Le preguntó cómo lo había conseguido.

«Igual que lo habrías hecho tú —dijo ella—. Con paparruchas.»

Así se medían la admiración y la confianza que depositaba en él. Admiraba y confiaba en el trato que daba a sus clientes. No por lo que les hiciera masticar o tragar, o por lo que les aconsejara frotarse en la piel o restregarse entre los dedos del pie; era por cómo ponía en funcionamiento la imaginación de sus pacientes. Que, en buena medida, no era más que el funcionamiento de su propia imaginación. Sus paparruchas —como había empezado a llamarlas casi desde el principio— no eran más falsas que la naturaleza misma.
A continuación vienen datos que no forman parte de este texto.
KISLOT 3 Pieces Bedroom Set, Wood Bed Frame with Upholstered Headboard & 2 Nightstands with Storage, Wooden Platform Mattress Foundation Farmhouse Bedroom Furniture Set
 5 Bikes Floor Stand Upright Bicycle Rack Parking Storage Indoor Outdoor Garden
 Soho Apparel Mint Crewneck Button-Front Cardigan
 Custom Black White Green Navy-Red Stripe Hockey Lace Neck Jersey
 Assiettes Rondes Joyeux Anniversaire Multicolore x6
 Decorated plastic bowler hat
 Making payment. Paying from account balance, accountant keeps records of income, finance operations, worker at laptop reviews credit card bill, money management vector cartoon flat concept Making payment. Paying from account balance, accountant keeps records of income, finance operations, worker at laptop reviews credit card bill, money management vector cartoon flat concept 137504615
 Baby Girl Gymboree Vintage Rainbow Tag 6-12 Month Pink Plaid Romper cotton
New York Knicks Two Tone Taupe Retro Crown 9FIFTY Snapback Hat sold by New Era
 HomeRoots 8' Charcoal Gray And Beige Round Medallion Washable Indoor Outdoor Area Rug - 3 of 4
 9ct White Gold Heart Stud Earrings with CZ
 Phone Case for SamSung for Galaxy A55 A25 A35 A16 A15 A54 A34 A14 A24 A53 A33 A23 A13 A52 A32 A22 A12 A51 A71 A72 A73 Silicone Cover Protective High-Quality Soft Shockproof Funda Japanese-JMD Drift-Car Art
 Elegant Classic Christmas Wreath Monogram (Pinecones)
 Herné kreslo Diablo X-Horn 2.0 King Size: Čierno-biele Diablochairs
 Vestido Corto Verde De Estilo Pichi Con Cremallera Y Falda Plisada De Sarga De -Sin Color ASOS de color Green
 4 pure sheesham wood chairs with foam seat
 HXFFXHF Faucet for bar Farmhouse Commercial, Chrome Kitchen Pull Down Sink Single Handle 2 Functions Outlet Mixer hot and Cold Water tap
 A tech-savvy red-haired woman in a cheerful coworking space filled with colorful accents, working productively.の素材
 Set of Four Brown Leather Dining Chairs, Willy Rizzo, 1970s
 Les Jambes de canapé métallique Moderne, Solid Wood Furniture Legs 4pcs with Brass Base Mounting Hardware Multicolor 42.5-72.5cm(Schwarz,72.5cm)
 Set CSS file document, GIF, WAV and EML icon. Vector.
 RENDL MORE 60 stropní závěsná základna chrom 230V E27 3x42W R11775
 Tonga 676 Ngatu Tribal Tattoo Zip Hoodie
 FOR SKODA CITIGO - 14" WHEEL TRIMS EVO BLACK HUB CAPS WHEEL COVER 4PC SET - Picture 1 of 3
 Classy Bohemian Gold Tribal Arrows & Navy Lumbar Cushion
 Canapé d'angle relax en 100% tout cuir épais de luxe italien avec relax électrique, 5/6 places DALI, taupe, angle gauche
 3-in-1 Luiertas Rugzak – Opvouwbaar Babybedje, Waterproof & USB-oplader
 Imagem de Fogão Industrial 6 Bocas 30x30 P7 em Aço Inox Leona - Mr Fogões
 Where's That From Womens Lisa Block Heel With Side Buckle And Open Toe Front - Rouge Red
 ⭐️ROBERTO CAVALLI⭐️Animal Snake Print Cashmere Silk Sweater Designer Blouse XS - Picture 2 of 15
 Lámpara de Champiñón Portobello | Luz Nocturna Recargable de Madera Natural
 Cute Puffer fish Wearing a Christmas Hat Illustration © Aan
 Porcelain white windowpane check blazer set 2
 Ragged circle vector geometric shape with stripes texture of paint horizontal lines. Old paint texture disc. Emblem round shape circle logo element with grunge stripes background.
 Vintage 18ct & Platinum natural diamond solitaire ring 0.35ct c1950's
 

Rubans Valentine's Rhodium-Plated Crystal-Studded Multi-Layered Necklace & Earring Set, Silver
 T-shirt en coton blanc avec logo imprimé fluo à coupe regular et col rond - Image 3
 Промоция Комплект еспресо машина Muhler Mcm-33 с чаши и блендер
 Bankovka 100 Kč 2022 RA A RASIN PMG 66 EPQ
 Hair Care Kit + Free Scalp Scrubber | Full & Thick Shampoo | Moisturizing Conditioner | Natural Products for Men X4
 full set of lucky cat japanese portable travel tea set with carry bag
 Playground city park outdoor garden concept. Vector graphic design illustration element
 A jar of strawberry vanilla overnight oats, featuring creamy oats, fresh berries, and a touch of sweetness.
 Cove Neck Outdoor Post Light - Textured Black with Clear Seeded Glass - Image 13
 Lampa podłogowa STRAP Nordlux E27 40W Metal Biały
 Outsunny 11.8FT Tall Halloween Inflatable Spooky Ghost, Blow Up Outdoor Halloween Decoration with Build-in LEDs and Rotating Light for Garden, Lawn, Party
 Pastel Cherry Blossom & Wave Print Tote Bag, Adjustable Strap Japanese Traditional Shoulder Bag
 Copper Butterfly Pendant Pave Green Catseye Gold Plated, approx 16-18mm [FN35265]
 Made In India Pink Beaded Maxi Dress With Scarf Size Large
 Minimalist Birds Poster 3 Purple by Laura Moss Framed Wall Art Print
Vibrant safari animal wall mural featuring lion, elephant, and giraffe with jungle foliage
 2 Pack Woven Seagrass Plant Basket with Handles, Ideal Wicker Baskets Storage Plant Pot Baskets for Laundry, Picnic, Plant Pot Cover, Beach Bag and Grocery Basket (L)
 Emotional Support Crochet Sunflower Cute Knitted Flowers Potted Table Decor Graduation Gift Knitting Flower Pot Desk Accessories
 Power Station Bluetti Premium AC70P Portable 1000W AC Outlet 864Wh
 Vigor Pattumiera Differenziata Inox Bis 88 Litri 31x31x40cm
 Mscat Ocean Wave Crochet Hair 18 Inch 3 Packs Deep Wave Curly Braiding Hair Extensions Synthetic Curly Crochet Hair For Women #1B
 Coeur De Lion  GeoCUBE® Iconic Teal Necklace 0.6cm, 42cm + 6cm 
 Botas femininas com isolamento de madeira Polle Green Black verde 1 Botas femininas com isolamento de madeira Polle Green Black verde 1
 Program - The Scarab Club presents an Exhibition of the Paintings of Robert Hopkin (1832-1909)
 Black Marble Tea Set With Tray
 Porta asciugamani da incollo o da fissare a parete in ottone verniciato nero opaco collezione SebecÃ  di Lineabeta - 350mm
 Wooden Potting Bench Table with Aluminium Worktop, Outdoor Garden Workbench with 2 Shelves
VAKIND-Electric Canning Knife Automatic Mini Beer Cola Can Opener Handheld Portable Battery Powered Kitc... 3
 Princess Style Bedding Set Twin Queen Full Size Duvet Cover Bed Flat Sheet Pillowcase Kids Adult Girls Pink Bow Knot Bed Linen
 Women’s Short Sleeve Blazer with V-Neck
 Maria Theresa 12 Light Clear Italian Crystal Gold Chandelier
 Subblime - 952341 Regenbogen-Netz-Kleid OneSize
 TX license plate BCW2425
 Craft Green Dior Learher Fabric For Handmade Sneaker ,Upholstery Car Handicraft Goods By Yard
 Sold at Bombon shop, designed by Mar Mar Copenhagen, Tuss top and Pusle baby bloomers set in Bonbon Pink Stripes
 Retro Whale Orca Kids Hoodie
La naturaleza era el verdadero chamán; Iris se daba cuenta de eso, lo comprendía después de haber observado las transmutaciones que se producían en los vasos de precipitados y en los viales, de líquidos a sólidos, de sólidos a gases, de gases nuevamente a líquidos, al ver mohos inertes en placas de petri que florecen de la noche a la mañana, al ver crecer cristales. Ni una sola de las anteriores era tan inteligente como ella; en la larga lista de chicas alegres instaladas en esta o aquella ciudad, todas sexualmente flexibles, ni una sola era dada a prestar la mínima atención a los quejidos espectrales. Paparruchas, dijo ella, y él captó a qué se refería y se sintió halagado: naturaleza, intuición, inventiva. Y a veces fraude, ¿qué tenía de malo, si caían unos francos y unas liras, y dispensaba además un poco de alegría pasajera? No había esperado que mostrase tanto interés en los francos y las liras, seguía viéndola como la niña rica de California, hasta que recordó que de no ser por él estaría en la indigencia. Guardaba su billete de vuelta en un cajón de la cocina, entre las espátulas y los cazos pegajosos con que preparaba las pócimas, aunque él imaginaba que estaba más que caducado. Era algo que tenía en común con él, que siempre llevaba un aro con llaves medio oxidadas de varios cuartuchos de Pittsburgh tintineando en el bolsillo. Ella nunca escribía a su padre, aunque lo mencionaba con bastante frecuencia. Dio por hecho que, como todo lo demás, Iris era efímera, estaba de paso. No duraría.

Entretanto ella confiaba en él, y él confiaba en sí mismo. Confiaba en que sus apremios pronto la ahuyentarían. Ella confiaba en que no tardarían en estar juntos en la cumbre helada de una de las imponentes montañas de los Alpes, o a orillas del lago de Como. No impidió la invasión de su boca. Le enroscó un mechón de pelo alrededor de la muñeca, un grillete escurridizo. El resto de ella, sin embargo, era un enigma: desnuda bajo su desnudez, yacía como un molde pompeyano inerte en la cama, la misma que ocupó sola mientras los gemidos y los maullidos y los bramidos solemnes del hermano al hacer el amor y de los sueños espantosos de la mujer llegaban hasta sus oídos. Y cuando por la noche los embistes ciegos del miembro del curandero la golpeaban una y otra vez en lo más hondo de sus entrañas, no acertaba a distinguir un grito del otro.